A custom mapping allows fields not required for searching to be disabled, and so omitted from the Elasticsearch indexing process. See Object Type, in the online Elasticsearch documentation.
To limit the number of index entries, you can filter the documents on the Elasticsearch side, by means of the couchbase.keyFilter setting: either expressly including or excluding documents whose ID matches a specified regular expression. Included documents are indexed; excluded are omitted. To configure filtering, see the chapter Advanced Settings.
If your Couchbase Server-cluster experiences a backlog of items in the replication queue, consider adding additional Elasticsearch nodes: this should increase indexing-speed.
Couchbase provides XDCR parameters that can be adjusted, to increase replication-speed. See Tune XDCR Performance for detailed information.
Take special note of the parameters
XDCR Source Nozzles per Node and
XDRC Target Nozzles per Node, which respectively increase and decrease the maximum concurrent replication performed by a Couchbase node.
Their use may be of critical importance if the numbers of concurrent replications, and/or the number of connections per replication prove too great for the Elasticsearch node to handle.
In such cases, errors may be displayed by the Couchbase Web Console. To inspect them, left-click on the XDCR tab, and examine the Ongoing Replications section. The following string provides the ID of the CAPI nozzle (a component in XDCR replication), which writes to the target:
"capi_f4268e62702130298bf87f17cc481219/default/default_172.23.105.146:9091_1 - Connection"
This message indicates that data-replication operations are not being completed in the expected timeframes, necessitating replication-retries.
To mitigate this problem, reduce the default
XDCR Source Nozzles per Node setting, and adjust the
XDCR Target Nozzles per Node setting accordingly.
Check your Elasticsearch documentation to ensure that your Elasticsearch nodes are optimally configured for performance. Note the following options:
When bulk-loading, increase the Elasticsearch
index.refresh_intervalsetting, in order to improve indexing-performance.
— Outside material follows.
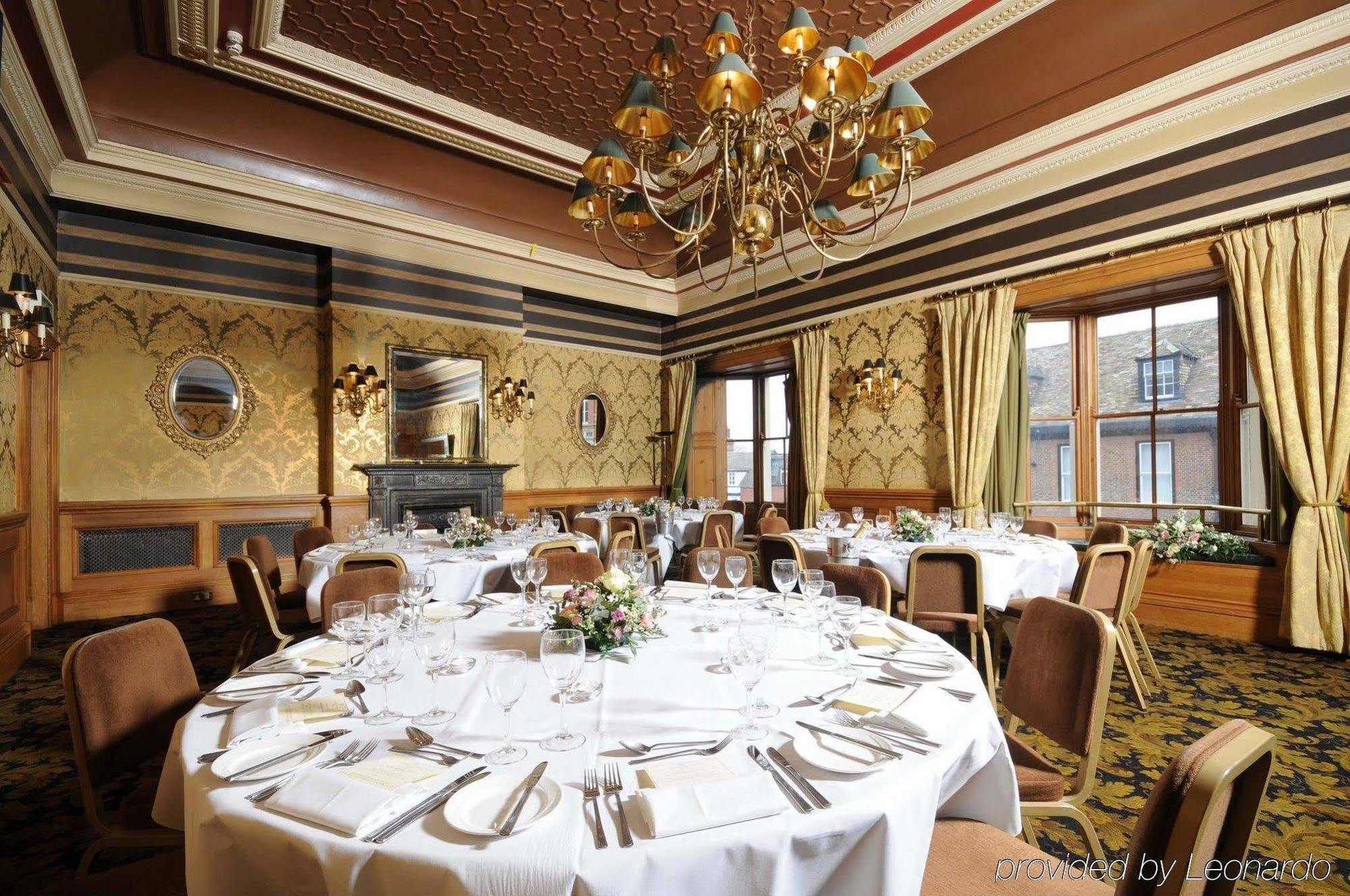 The Rutland Arms Hotel Ньюмаркет Ресторан фото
This setting determines how quickly Elasticsearch makes the indexed documents available to query. For a large bulk-load, where real-time indexing is not needed, a high setting, such as 30 seconds, may significantly increase throughput.
In the event that specific documents are known typically to be queried together, document routing within the plug-in can be configured such that the documents always reside on the same Elasticsearch shard; in order to boost query performance.
Mapping documents to specific Elasticsearch types, and then searching within a specific type, is faster than searching the entire Elasticsearch index.